Work instruction: The pictures are to be omitted when the entries are reproduced exactly.
──────── Records for this task ────────
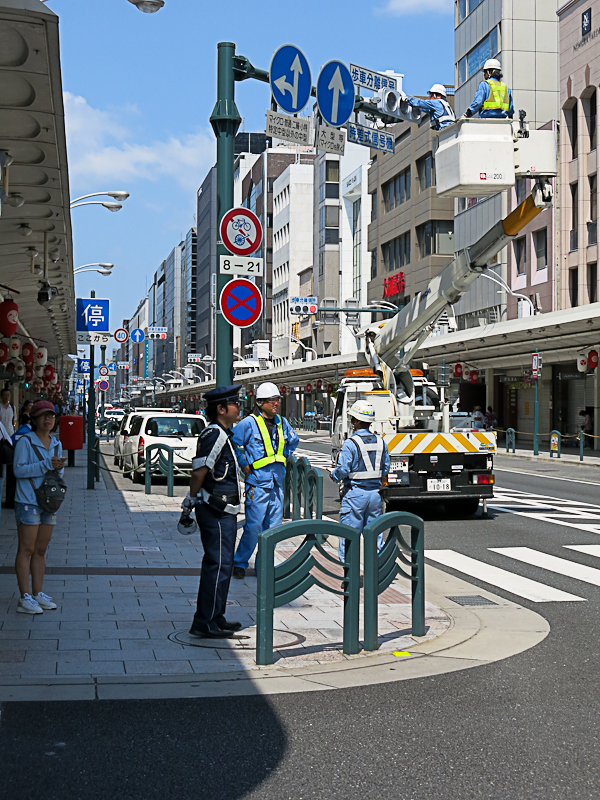 Kyoto Gion-Matsuri Fest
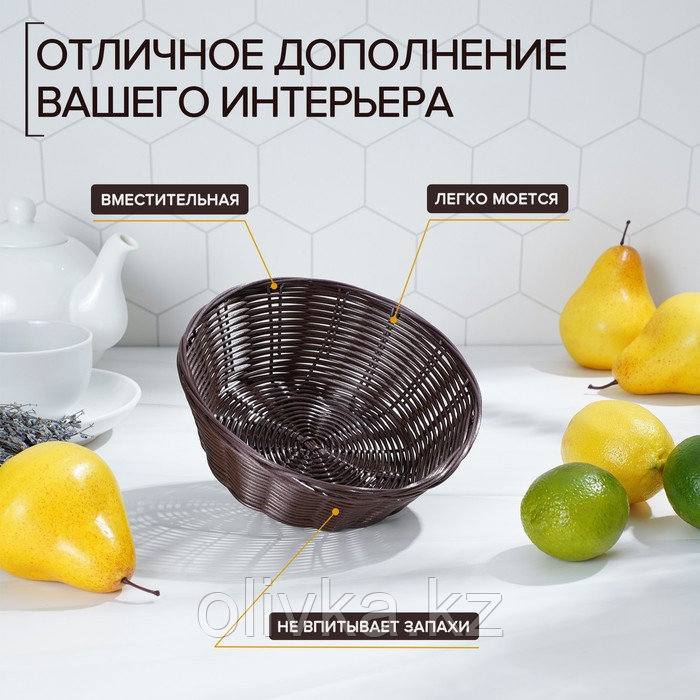 Корзинка для фруктов и хлеба Доляна «Шоко», 18×18×6 см - фото 3 - id-p113254042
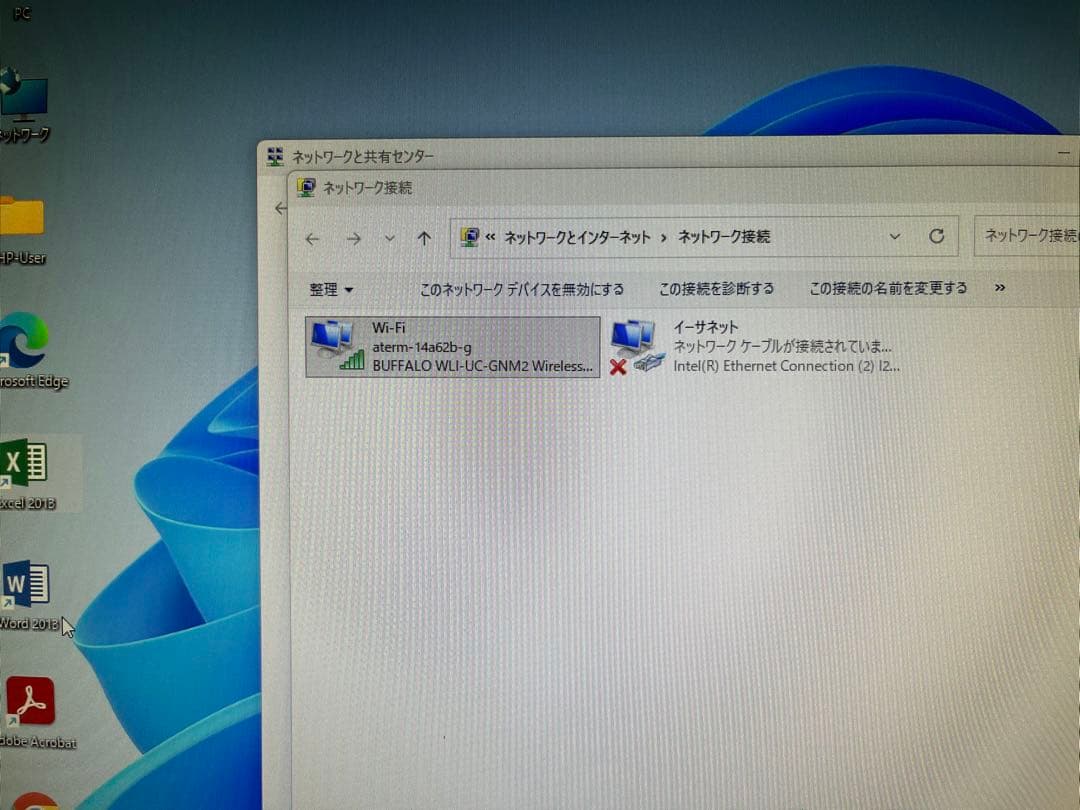 値下げ！ デスクトップ 19インチモニターセット Win11 Office付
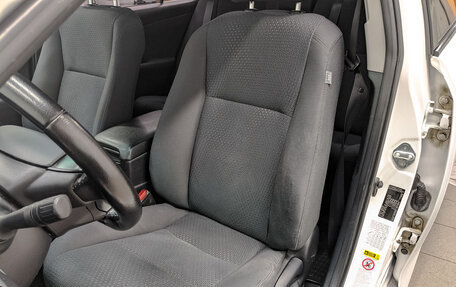 Toyota Camry, 2014 год, 1 790 000 рублей, 19 фотография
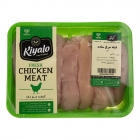 فیله مرغ ساده 900 گرمی کیالو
────────
Output of the task:
 Kyoto Gion-Matsuri Fest
 Корзинка для фруктов и хлеба Доляна «Шоко», 18×18×6 см - фото 3 - id-p113254042
 値下げ！ デスクトップ 19インチモニターセット Win11 Office付
 Toyota Camry, 2014 год, 1 790 000 рублей, 19 фотография
 فیله مرغ ساده 900 گرمی کیالو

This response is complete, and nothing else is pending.